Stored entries
****************
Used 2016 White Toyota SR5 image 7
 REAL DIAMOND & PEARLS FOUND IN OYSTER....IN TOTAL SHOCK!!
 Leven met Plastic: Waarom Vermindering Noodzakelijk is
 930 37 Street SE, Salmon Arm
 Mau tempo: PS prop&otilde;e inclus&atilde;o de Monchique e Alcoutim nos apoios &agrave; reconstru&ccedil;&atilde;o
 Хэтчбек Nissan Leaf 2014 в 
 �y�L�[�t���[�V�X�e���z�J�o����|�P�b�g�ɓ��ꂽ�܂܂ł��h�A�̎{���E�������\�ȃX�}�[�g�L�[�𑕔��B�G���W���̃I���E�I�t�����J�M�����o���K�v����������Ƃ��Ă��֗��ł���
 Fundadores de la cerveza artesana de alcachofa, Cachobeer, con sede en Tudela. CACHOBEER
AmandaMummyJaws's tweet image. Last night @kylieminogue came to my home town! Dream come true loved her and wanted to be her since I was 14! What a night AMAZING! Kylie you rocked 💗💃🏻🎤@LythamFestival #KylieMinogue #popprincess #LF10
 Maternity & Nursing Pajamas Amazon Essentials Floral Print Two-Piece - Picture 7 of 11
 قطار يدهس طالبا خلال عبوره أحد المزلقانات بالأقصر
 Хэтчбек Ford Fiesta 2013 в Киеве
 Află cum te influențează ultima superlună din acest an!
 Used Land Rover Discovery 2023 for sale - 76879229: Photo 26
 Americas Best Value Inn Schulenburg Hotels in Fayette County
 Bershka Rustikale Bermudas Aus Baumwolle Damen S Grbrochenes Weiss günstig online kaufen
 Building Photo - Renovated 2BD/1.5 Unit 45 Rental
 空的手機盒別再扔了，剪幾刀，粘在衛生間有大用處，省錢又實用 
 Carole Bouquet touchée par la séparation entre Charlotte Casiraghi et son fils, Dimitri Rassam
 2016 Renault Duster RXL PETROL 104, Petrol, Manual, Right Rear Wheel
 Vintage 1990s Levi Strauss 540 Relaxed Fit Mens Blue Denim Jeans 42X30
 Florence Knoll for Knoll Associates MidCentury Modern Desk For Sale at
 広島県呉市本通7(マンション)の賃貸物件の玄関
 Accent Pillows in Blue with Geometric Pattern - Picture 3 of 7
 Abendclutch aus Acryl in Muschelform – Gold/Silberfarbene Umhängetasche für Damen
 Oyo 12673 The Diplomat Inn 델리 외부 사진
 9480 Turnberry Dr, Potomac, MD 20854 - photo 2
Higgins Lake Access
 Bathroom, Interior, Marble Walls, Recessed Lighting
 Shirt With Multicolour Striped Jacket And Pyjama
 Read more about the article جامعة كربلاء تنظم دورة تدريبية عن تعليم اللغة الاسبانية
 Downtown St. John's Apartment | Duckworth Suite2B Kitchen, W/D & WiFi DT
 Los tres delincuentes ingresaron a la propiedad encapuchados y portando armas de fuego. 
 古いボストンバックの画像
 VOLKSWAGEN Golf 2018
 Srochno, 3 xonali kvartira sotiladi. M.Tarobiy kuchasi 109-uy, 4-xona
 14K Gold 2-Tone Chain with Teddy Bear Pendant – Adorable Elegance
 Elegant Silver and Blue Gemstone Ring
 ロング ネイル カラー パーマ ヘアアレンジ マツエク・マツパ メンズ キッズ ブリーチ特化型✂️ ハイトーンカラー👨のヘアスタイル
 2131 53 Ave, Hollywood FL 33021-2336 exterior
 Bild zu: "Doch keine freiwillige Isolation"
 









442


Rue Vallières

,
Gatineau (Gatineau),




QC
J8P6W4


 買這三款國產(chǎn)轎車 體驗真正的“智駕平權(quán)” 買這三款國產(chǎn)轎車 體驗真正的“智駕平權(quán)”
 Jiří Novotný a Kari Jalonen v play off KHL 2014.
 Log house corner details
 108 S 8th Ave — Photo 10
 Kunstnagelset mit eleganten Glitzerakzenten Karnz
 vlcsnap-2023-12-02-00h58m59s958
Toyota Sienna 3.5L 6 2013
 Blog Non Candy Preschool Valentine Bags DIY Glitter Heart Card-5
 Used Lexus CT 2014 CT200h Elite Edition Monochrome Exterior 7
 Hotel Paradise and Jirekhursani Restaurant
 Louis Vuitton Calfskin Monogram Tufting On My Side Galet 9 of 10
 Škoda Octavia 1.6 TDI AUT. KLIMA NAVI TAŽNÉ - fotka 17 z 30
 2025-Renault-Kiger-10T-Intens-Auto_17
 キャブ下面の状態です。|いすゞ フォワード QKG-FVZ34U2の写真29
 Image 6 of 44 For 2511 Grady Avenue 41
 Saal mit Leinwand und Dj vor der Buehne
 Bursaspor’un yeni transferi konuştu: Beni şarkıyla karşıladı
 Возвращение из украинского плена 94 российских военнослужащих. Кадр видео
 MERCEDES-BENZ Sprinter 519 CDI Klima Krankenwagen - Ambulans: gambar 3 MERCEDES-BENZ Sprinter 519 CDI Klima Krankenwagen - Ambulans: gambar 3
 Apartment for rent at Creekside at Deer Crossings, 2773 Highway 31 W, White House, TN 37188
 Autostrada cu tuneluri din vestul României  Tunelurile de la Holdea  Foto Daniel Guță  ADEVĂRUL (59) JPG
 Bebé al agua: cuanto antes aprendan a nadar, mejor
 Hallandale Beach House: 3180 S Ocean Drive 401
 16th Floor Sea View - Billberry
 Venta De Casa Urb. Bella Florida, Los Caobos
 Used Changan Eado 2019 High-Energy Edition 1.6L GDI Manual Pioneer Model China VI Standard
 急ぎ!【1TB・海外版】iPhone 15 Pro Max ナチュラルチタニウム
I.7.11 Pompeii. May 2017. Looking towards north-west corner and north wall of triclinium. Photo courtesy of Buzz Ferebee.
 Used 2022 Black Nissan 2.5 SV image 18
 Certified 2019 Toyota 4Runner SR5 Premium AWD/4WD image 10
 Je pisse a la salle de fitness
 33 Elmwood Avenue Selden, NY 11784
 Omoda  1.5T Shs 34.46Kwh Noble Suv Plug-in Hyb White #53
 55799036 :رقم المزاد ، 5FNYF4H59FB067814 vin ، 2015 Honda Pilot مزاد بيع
****************
▶ [TASK REQUIREMENTS]
Your answer should be the data above, retyped in full and unaltered.

▶ [SOLUTION TO THIS TASK]
Used 2016 White Toyota SR5 image 7
 REAL DIAMOND & PEARLS FOUND IN OYSTER....IN TOTAL SHOCK!!
 Leven met Plastic: Waarom Vermindering Noodzakelijk is
 930 37 Street SE, Salmon Arm
 Mau tempo: PS prop&otilde;e inclus&atilde;o de Monchique e Alcoutim nos apoios &agrave; reconstru&ccedil;&atilde;o
 Хэтчбек Nissan Leaf 2014 в 
 �y�L�[�t���[�V�X�e���z�J�o����|�P�b�g�ɓ��ꂽ�܂܂ł��h�A�̎{���E�������\�ȃX�}�[�g�L�[�𑕔��B�G���W���̃I���E�I�t�����J�M�����o���K�v����������Ƃ��Ă��֗��ł���
 Fundadores de la cerveza artesana de alcachofa, Cachobeer, con sede en Tudela. CACHOBEER
AmandaMummyJaws's tweet image. Last night @kylieminogue came to my home town! Dream come true loved her and wanted to be her since I was 14! What a night AMAZING! Kylie you rocked 💗💃🏻🎤@LythamFestival #KylieMinogue #popprincess #LF10
 Maternity & Nursing Pajamas Amazon Essentials Floral Print Two-Piece - Picture 7 of 11
 قطار يدهس طالبا خلال عبوره أحد المزلقانات بالأقصر
 Хэтчбек Ford Fiesta 2013 в Киеве
 Află cum te influențează ultima superlună din acest an!
 Used Land Rover Discovery 2023 for sale - 76879229: Photo 26
 Americas Best Value Inn Schulenburg Hotels in Fayette County
 Bershka Rustikale Bermudas Aus Baumwolle Damen S Grbrochenes Weiss günstig online kaufen
 Building Photo - Renovated 2BD/1.5 Unit 45 Rental
 空的手機盒別再扔了，剪幾刀，粘在衛生間有大用處，省錢又實用 
 Carole Bouquet touchée par la séparation entre Charlotte Casiraghi et son fils, Dimitri Rassam
 2016 Renault Duster RXL PETROL 104, Petrol, Manual, Right Rear Wheel
 Vintage 1990s Levi Strauss 540 Relaxed Fit Mens Blue Denim Jeans 42X30
 Florence Knoll for Knoll Associates MidCentury Modern Desk For Sale at
 広島県呉市本通7(マンション)の賃貸物件の玄関
 Accent Pillows in Blue with Geometric Pattern - Picture 3 of 7
 Abendclutch aus Acryl in Muschelform – Gold/Silberfarbene Umhängetasche für Damen
 Oyo 12673 The Diplomat Inn 델리 외부 사진
 9480 Turnberry Dr, Potomac, MD 20854 - photo 2
Higgins Lake Access
 Bathroom, Interior, Marble Walls, Recessed Lighting
 Shirt With Multicolour Striped Jacket And Pyjama
 Read more about the article جامعة كربلاء تنظم دورة تدريبية عن تعليم اللغة الاسبانية
 Downtown St. John's Apartment | Duckworth Suite2B Kitchen, W/D & WiFi DT
 Los tres delincuentes ingresaron a la propiedad encapuchados y portando armas de fuego. 
 古いボストンバックの画像
 VOLKSWAGEN Golf 2018
 Srochno, 3 xonali kvartira sotiladi. M.Tarobiy kuchasi 109-uy, 4-xona
 14K Gold 2-Tone Chain with Teddy Bear Pendant – Adorable Elegance
 Elegant Silver and Blue Gemstone Ring
 ロング ネイル カラー パーマ ヘアアレンジ マツエク・マツパ メンズ キッズ ブリーチ特化型✂️ ハイトーンカラー👨のヘアスタイル
 2131 53 Ave, Hollywood FL 33021-2336 exterior
 Bild zu: "Doch keine freiwillige Isolation"
 









442


Rue Vallières

,
Gatineau (Gatineau),




QC
J8P6W4


 買這三款國產(chǎn)轎車 體驗真正的“智駕平權(quán)” 買這三款國產(chǎn)轎車 體驗真正的“智駕平權(quán)”
 Jiří Novotný a Kari Jalonen v play off KHL 2014.
 Log house corner details
 108 S 8th Ave — Photo 10
 Kunstnagelset mit eleganten Glitzerakzenten Karnz
 vlcsnap-2023-12-02-00h58m59s958
Toyota Sienna 3.5L 6 2013
 Blog Non Candy Preschool Valentine Bags DIY Glitter Heart Card-5
 Used Lexus CT 2014 CT200h Elite Edition Monochrome Exterior 7
 Hotel Paradise and Jirekhursani Restaurant
 Louis Vuitton Calfskin Monogram Tufting On My Side Galet 9 of 10
 Škoda Octavia 1.6 TDI AUT. KLIMA NAVI TAŽNÉ - fotka 17 z 30
 2025-Renault-Kiger-10T-Intens-Auto_17
 キャブ下面の状態です。|いすゞ フォワード QKG-FVZ34U2の写真29
 Image 6 of 44 For 2511 Grady Avenue 41
 Saal mit Leinwand und Dj vor der Buehne
 Bursaspor’un yeni transferi konuştu: Beni şarkıyla karşıladı
 Возвращение из украинского плена 94 российских военнослужащих. Кадр видео
 MERCEDES-BENZ Sprinter 519 CDI Klima Krankenwagen - Ambulans: gambar 3 MERCEDES-BENZ Sprinter 519 CDI Klima Krankenwagen - Ambulans: gambar 3
 Apartment for rent at Creekside at Deer Crossings, 2773 Highway 31 W, White House, TN 37188
 Autostrada cu tuneluri din vestul României  Tunelurile de la Holdea  Foto Daniel Guță  ADEVĂRUL (59) JPG
 Bebé al agua: cuanto antes aprendan a nadar, mejor
 Hallandale Beach House: 3180 S Ocean Drive 401
 16th Floor Sea View - Billberry
 Venta De Casa Urb. Bella Florida, Los Caobos
 Used Changan Eado 2019 High-Energy Edition 1.6L GDI Manual Pioneer Model China VI Standard
 急ぎ!【1TB・海外版】iPhone 15 Pro Max ナチュラルチタニウム
I.7.11 Pompeii. May 2017. Looking towards north-west corner and north wall of triclinium. Photo courtesy of Buzz Ferebee.
 Used 2022 Black Nissan 2.5 SV image 18
 Certified 2019 Toyota 4Runner SR5 Premium AWD/4WD image 10
 Je pisse a la salle de fitness
 33 Elmwood Avenue Selden, NY 11784
 Omoda  1.5T Shs 34.46Kwh Noble Suv Plug-in Hyb White #53
 55799036 :رقم المزاد ، 5FNYF4H59FB067814 vin ، 2015 Honda Pilot مزاد بيع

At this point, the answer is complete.